= Task directions =
Repeat the data below in full. Pictures must not be part of the copy.

= Material provided =
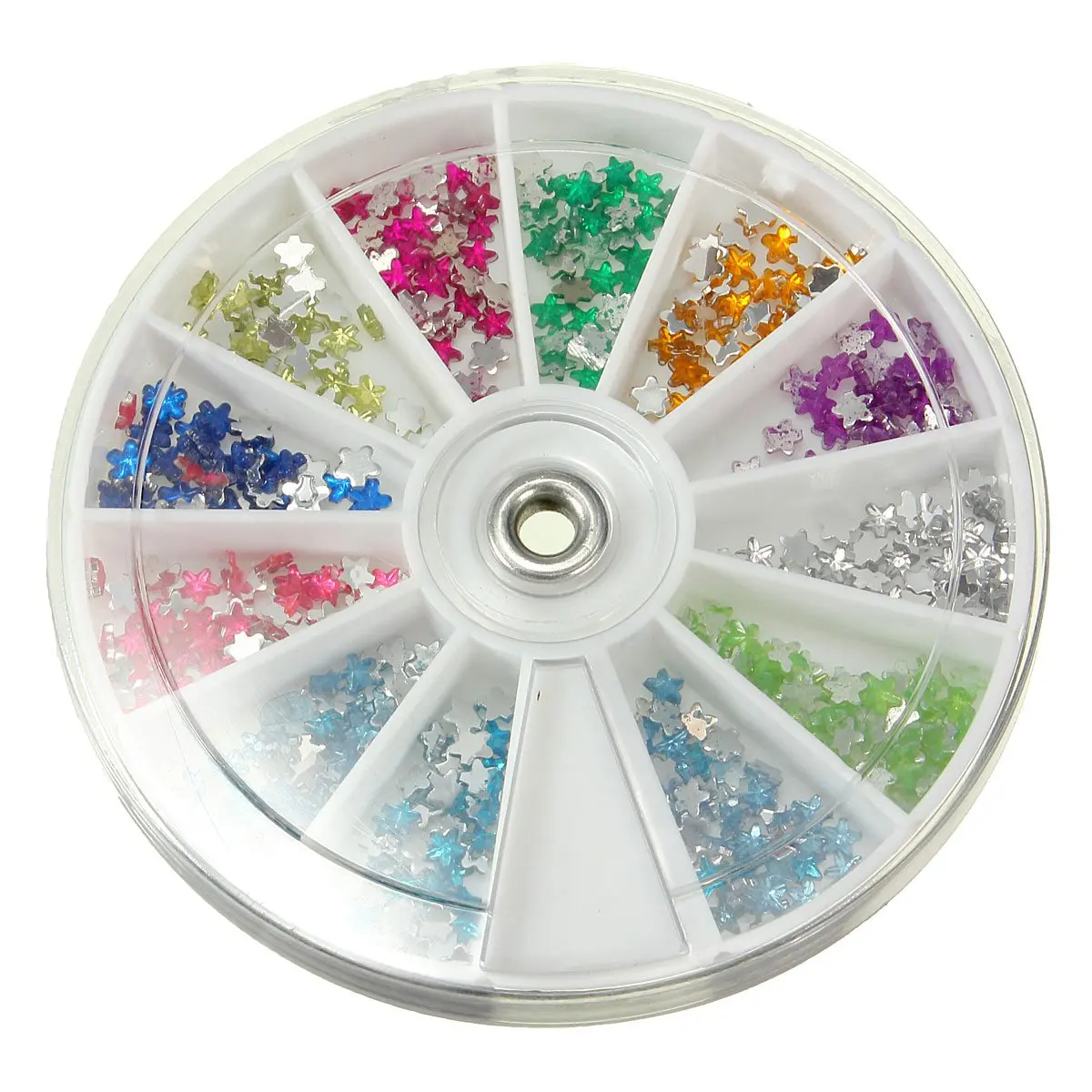 1800 шт. 3D Nail Art Rhinestone Блеск ногтей маникюр box nail Портативный-пентаграмма | Красота и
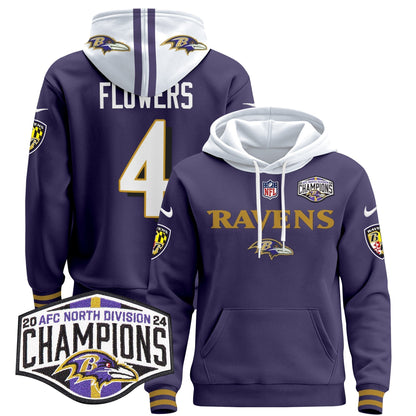 BAL 2024 AFC North Division Champions Patch Pullover Hoodie - Stitched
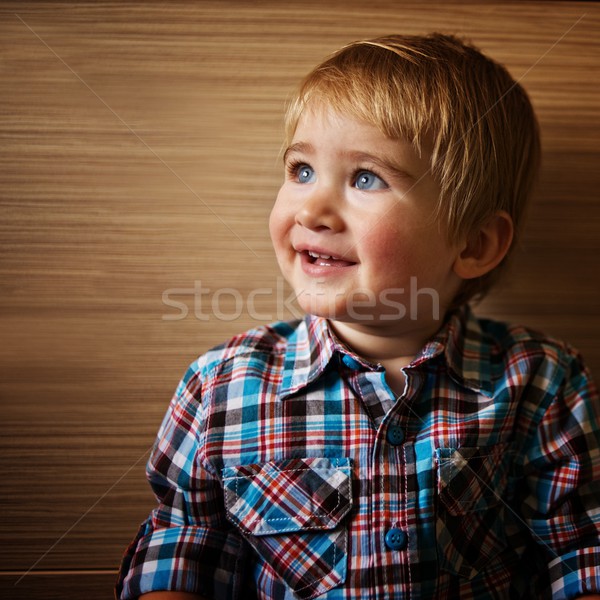 Cute smiling little boy in checkered shirt. Stock photo © Nejron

= Answer =
 1800 шт. 3D Nail Art Rhinestone Блеск ногтей маникюр box nail Портативный-пентаграмма | Красота и
 BAL 2024 AFC North Division Champions Patch Pullover Hoodie - Stitched
 Cute smiling little boy in checkered shirt. Stock photo © Nejron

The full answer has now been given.